Your assignment - Copy out the data that comes next, character for character, and leave the images aside.

Supplied material -

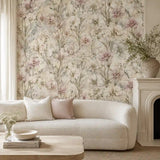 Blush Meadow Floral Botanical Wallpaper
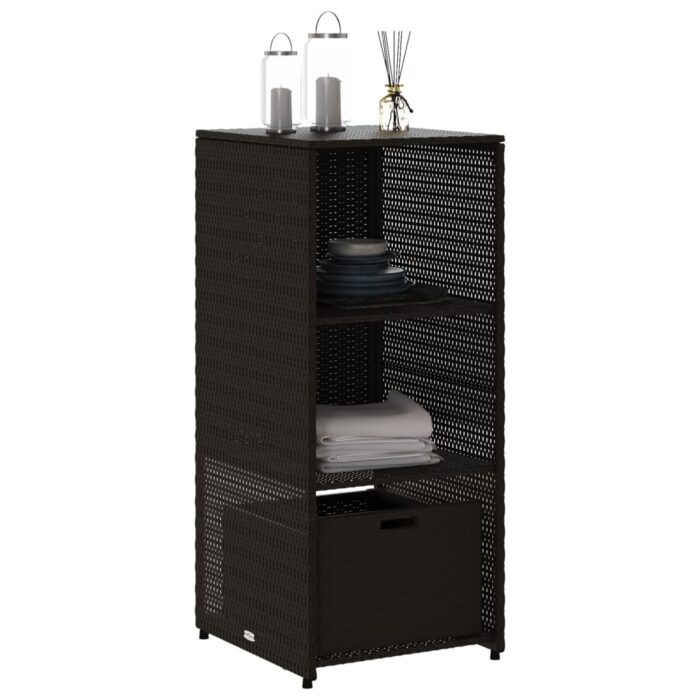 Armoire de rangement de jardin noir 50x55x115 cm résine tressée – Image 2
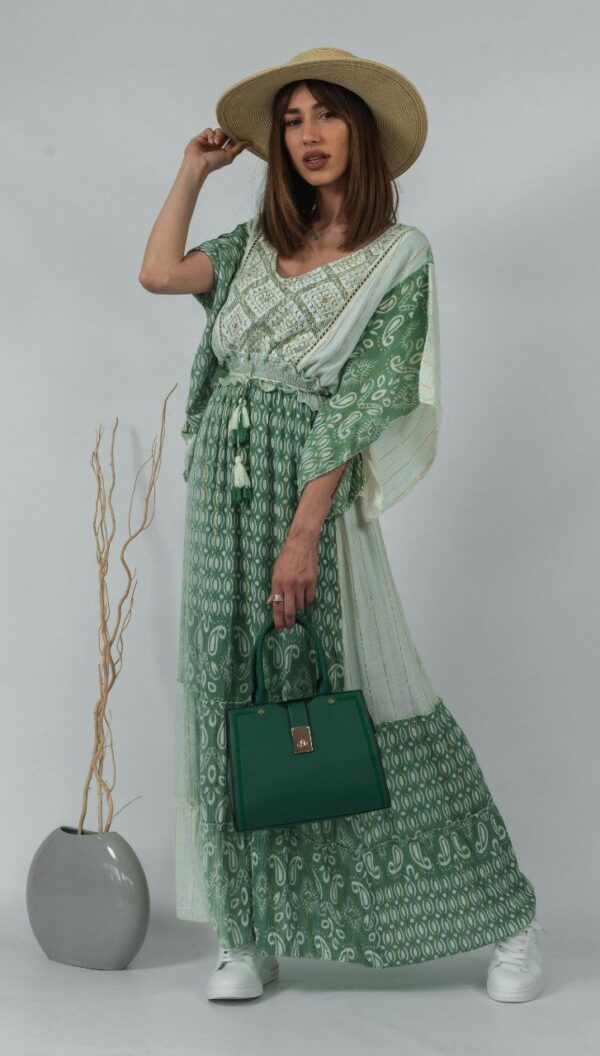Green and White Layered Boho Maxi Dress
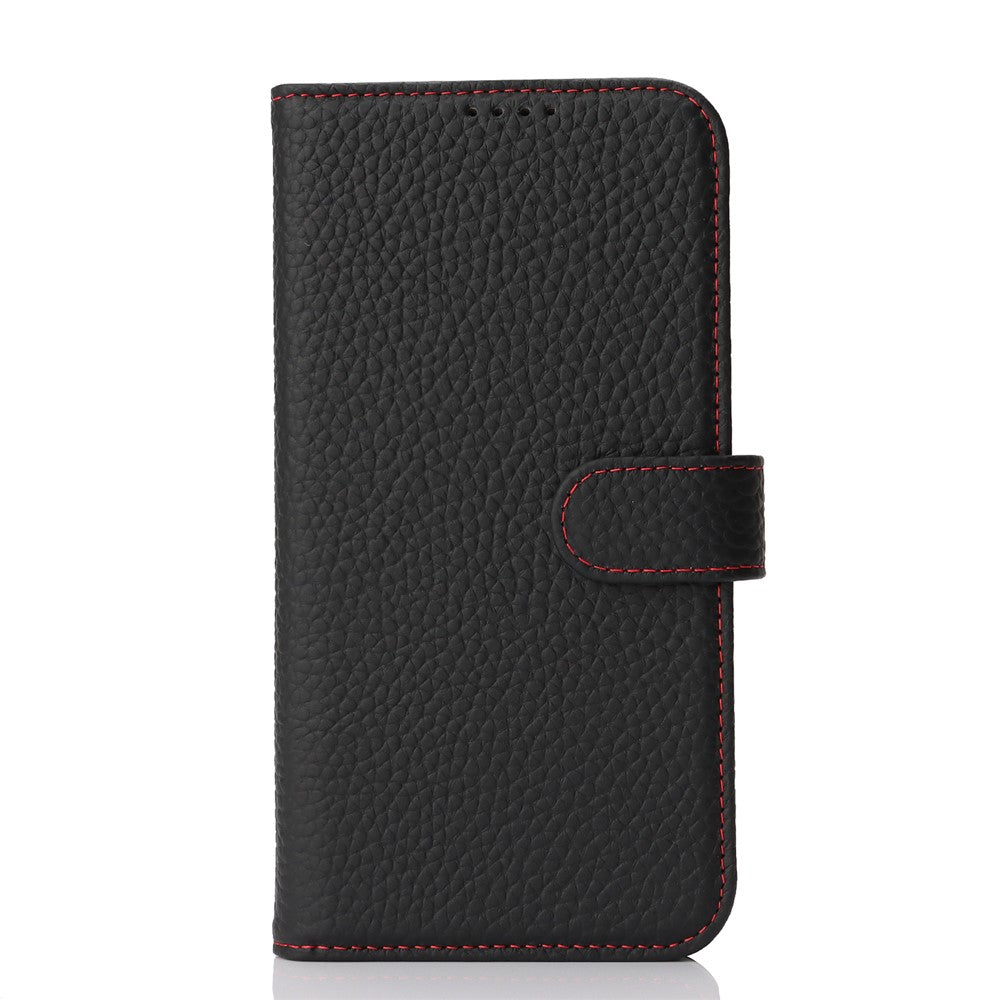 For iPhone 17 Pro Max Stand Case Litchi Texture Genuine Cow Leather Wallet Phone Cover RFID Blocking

Written response -
 Blush Meadow Floral Botanical Wallpaper
 Armoire de rangement de jardin noir 50x55x115 cm résine tressée – Image 2
Green and White Layered Boho Maxi Dress
 For iPhone 17 Pro Max Stand Case Litchi Texture Genuine Cow Leather Wallet Phone Cover RFID Blocking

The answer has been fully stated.